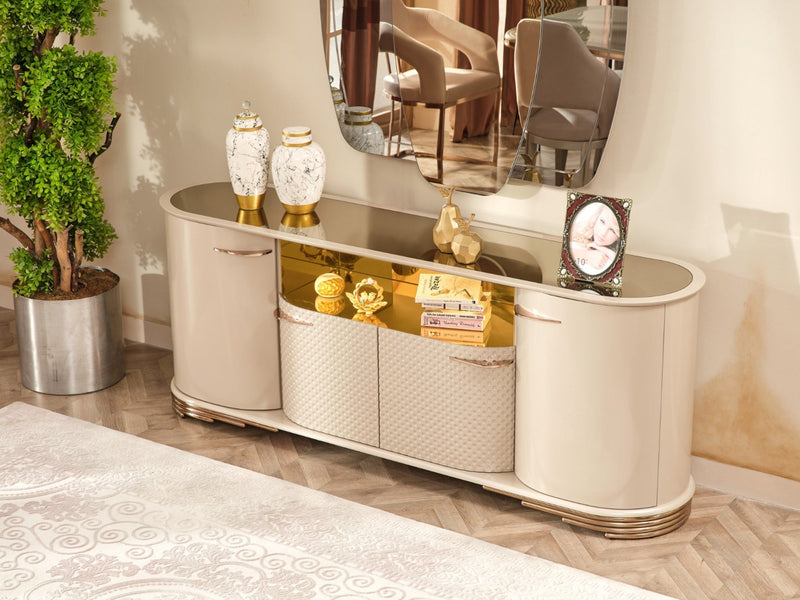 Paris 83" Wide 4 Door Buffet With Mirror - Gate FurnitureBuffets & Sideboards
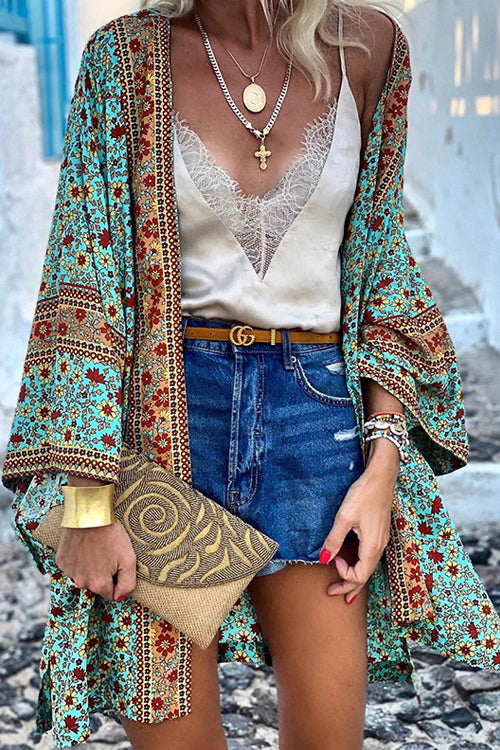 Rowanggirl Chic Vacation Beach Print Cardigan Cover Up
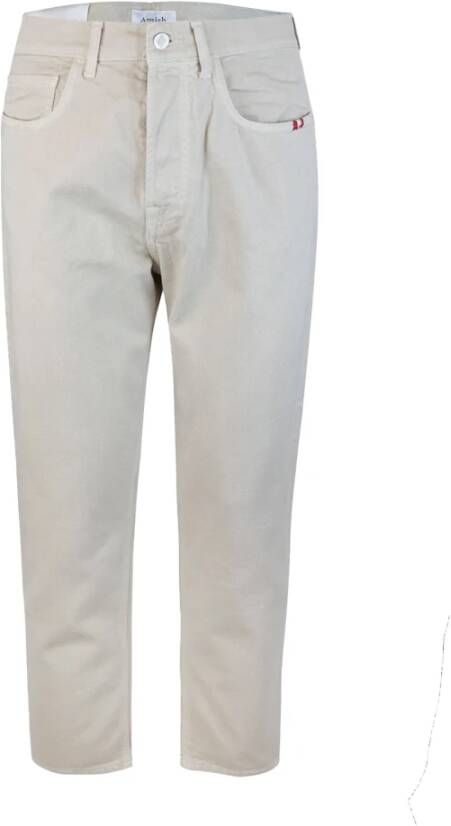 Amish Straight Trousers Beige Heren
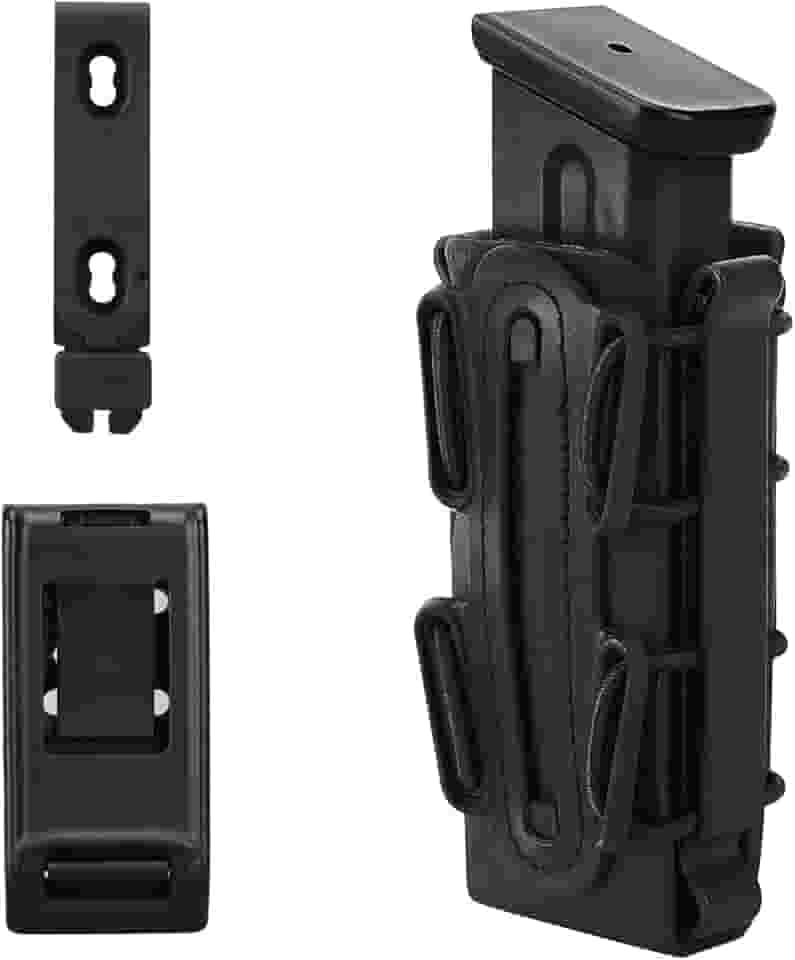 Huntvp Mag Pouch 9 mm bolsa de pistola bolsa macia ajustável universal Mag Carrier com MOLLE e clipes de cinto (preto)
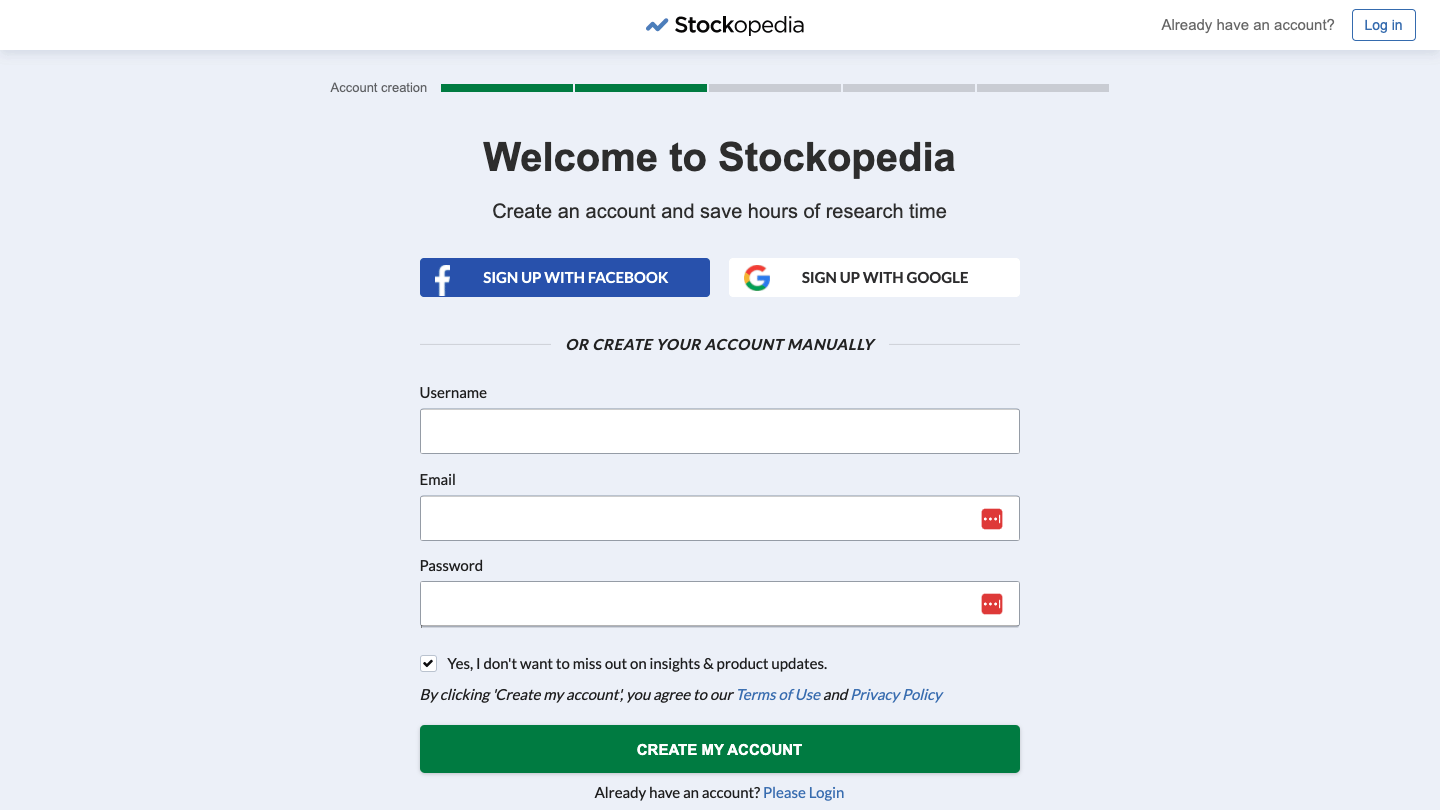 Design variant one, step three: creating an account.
* * *
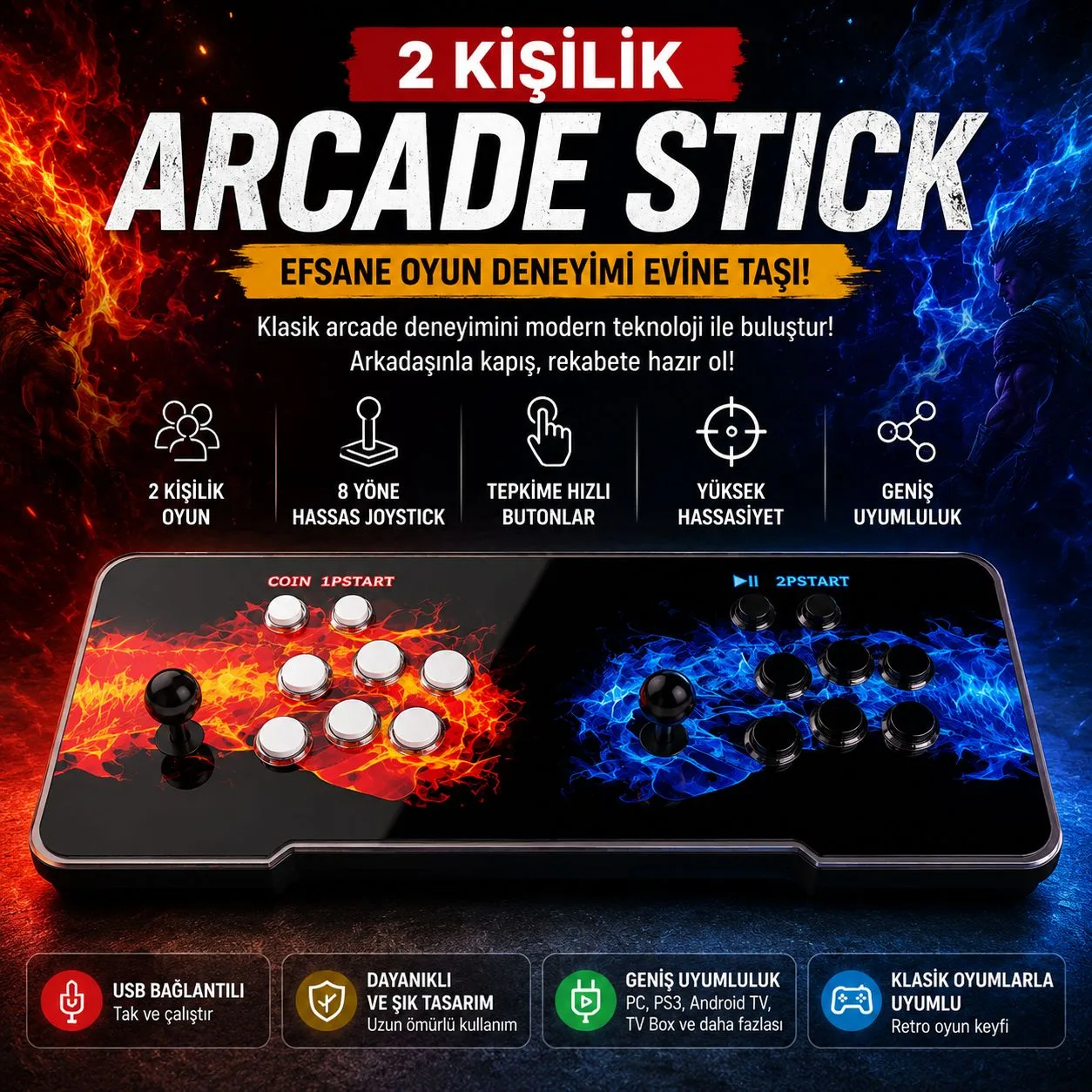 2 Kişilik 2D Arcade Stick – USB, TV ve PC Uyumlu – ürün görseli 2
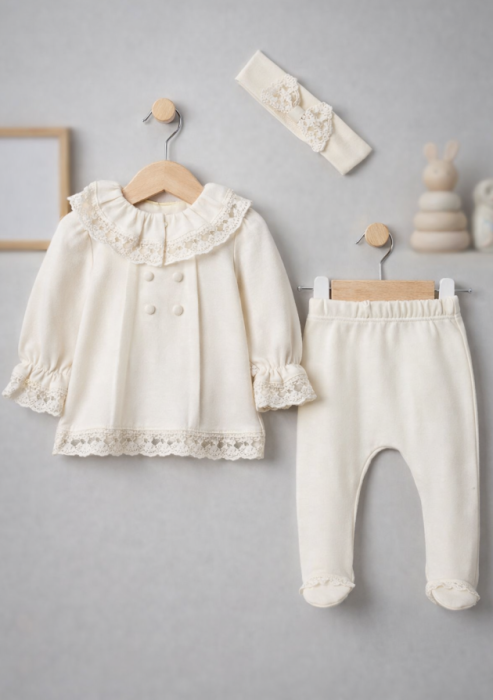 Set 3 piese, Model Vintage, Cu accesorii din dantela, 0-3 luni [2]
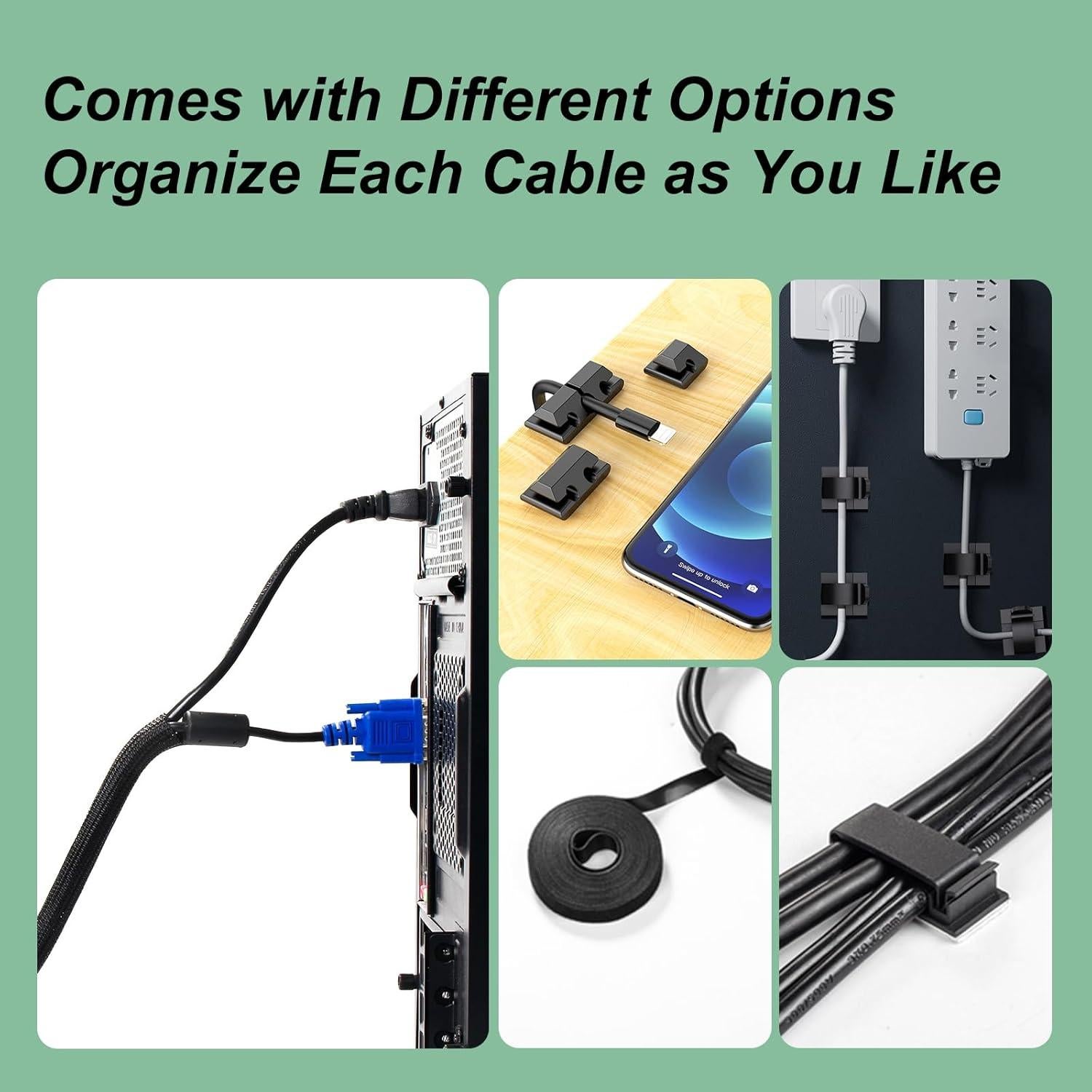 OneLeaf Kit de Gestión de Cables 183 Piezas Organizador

Description of the task: Going by the entries above, repeat exactly the lines that start at the line with "Rowanggirl Chic Vacation" and go on through the line with "Design variant one, step". Pictures are not part of the copy.

Solution:
 Rowanggirl Chic Vacation Beach Print Cardigan Cover Up
 Amish Straight Trousers Beige Heren
 Huntvp Mag Pouch 9 mm bolsa de pistola bolsa macia ajustável universal Mag Carrier com MOLLE e clipes de cinto (preto)
 Design variant one, step three: creating an account.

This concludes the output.